In order to not repeat history, a new political theory MUST be both Non-Utopian and Non-Universal.

This is of absolute critical importance. If we tell people that the system will guarantee a paradise for all, if and only if it is universally accepted by all, then this will naturally create Misery. If you truly believe that only after capitalism in the whole world is crushed, that a true Communist Utopia can be built then that is a justification for violence against those who work against Utopia on earth.

The problem is that there is no Utopia. There is no single system that could make all people happy. Numerous studies (…/thomas-edsall-how-much-do-our-gen… ) (…/voting-genes-are-poli…/ ), have shown that the basis of our political beliefs could actually be genetic, meaning that no matter how much you beat Liberalism into some people they will not and cannot accept it. The Soviets beat the Communism into the heads of every child in the USSR but in the end the government became filled with Liberals who hated the system into which they were indoctrinated and they allowed it (or provoked it) to commit suicide.

Is it so bad for various different people’s with their various different mentalities to come up with systems that work for them? This Western European idea (all three of the 20th centuries political theories came from the West) that there is only one possible truth must come to an end.


A plank in the platform:

-This new system, or way of being, must be born of, and made for one the world’s great civilizations. There is no one-size-fits-all system for every nation on earth.  

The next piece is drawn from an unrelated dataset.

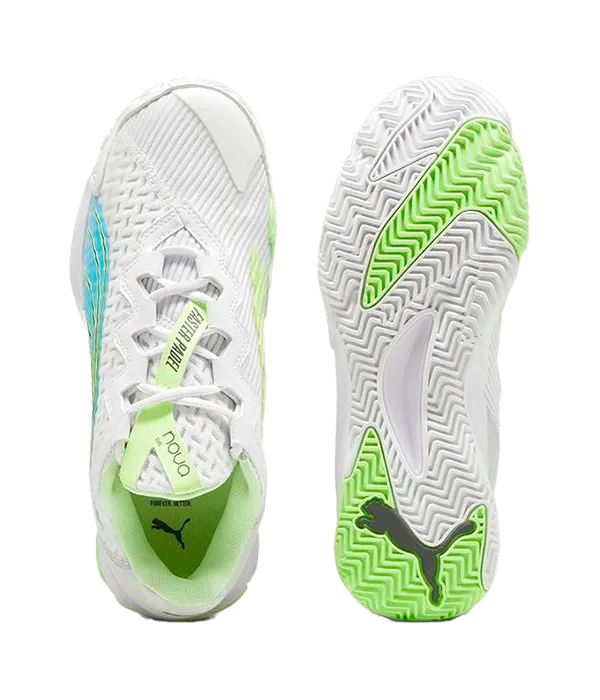 Zapatillas Puma Nova Elite White/Blue/Fizzy Apple/Grey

– Acceptance in the fact that non-belief in a new political theory is normal as no theory would suit everyone.

– Converting non-believers (or so to say those who could not possibly believe) by force only creates Misery and erodes the strength of the theory.

– There is not now, nor will there ever be Utopia and promising the masses Utopia only leads to extremism. The system should promise improvement but a realistic and achievable improvement (It would be Non-Utopian).

– The points above will dramatically reduce the likelihood of repeating the horrors that the previous theories are guilty of.